The paper gives two interesting examples of problems in aligning these rhythms. First, the example of the study of long term phenomena such as river flow on short term research grants led to mistakes where a data collected during an unusually wet period in the early 20th century led to serious deficiencies in water management plans for the Colorado river. Second, for NASA’s Mars mission MER, the decision was taken to put the support team on “Mars time” as the Martian day is 2.7% longer than the earth day. But as the team’s daily work cycle drifted from the normal earth day, serious tensions arose between the family and social needs of the project team and the demands of the project rhythm.

Here’s another example that fascinated me when I was at the NASA software verification lab in the 90s. The Cassini spacecraft took about six years to get to Saturn. Rather than develop all the mission software prior to launch, NASA took the decision to develop only the minimal software needed for launch and navigation, and delayed the start of development of the mission software until just prior to arrival at Saturn. The rational was that they didn’t want a six year gap between development and use of this software, during which time the software teams might disperse – they needed the teams in place, with recent familiarity with the code, at the point the main science missions started.

For climate science, the IPCC process is clearly a major institutional rhythm, but the infrastructural rhythms that arise in model development interact with this in complex ways. I need to spend time looking at the other rhythms as well.

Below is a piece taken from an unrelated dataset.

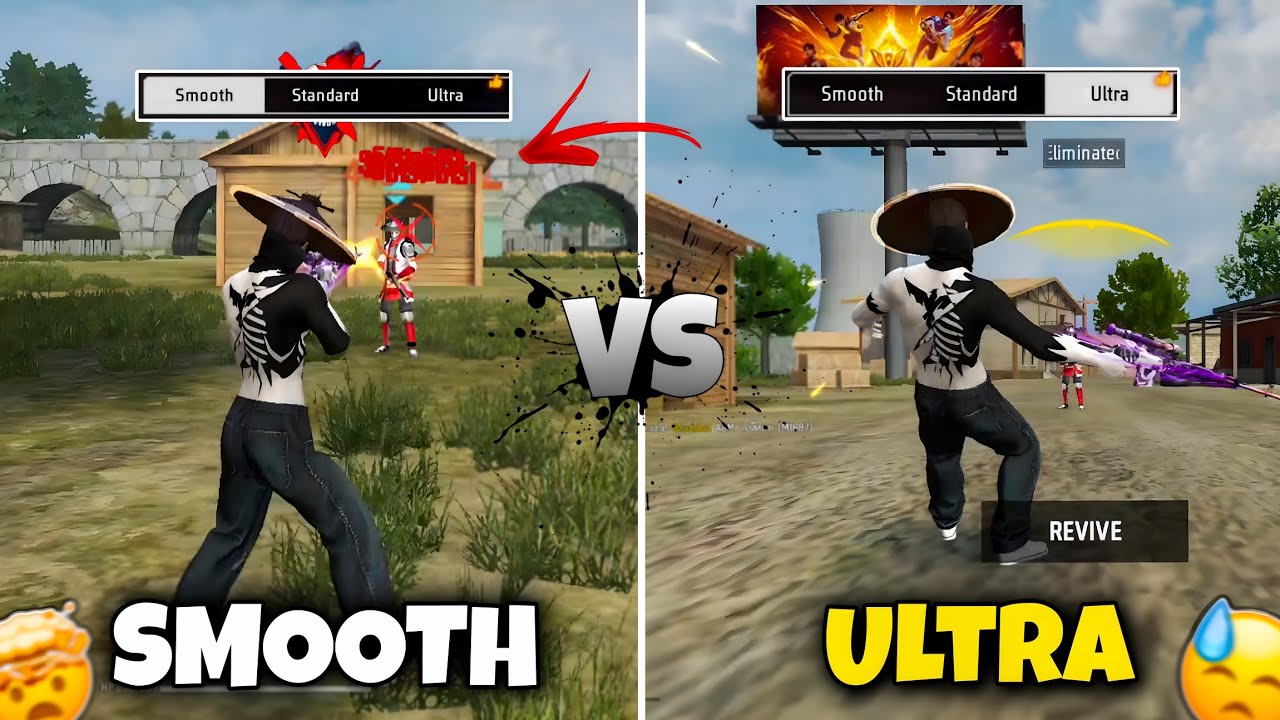 Smooth vs Ultra Which is Best for Headshots in Free Fire?😳 -Asmod ff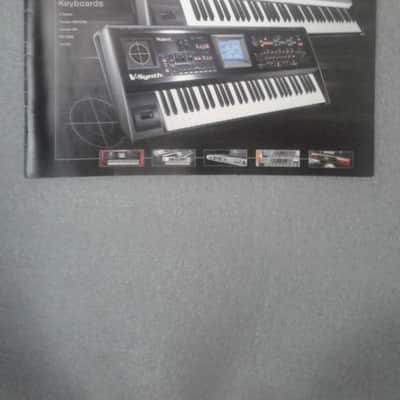 Roland V-SYNTH,FANTOM X6-8,XR,RS-70/50,VariOS original product release brochure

Of all the global climate models, the Community Earth System Model, CESM, seems to come closest to the way an open source community works. The annual CESM workshop, this week in Breckenridge, Colorado, provides an example of how the community works. There are about 350 people attending, and much of the meeting is devoted to detailed discussion of the science and modeling issues across a set of working groups: Atmosphere model, Paleoclimate, Polar Climate, Ocean model, Chemistry-climate, Land model, Biogeochemistry, Climate Variability, Land Ice, Climate Change, Software Engineering, and Whole Atmosphere.

In the opening plenary on Monday, Mariana Vertenstein (who is hosting my visit to NCAR this month), was awarded the 2010 CESM distinguished achievement award for her role in overseeing the software engineering of the CESM. This is interesting for a number of reasons, not least because it demonstrates how much the CESM community values the role of the software engineering team, and the advances that the software engineering working group has made improving the software infrastructure over the last few years.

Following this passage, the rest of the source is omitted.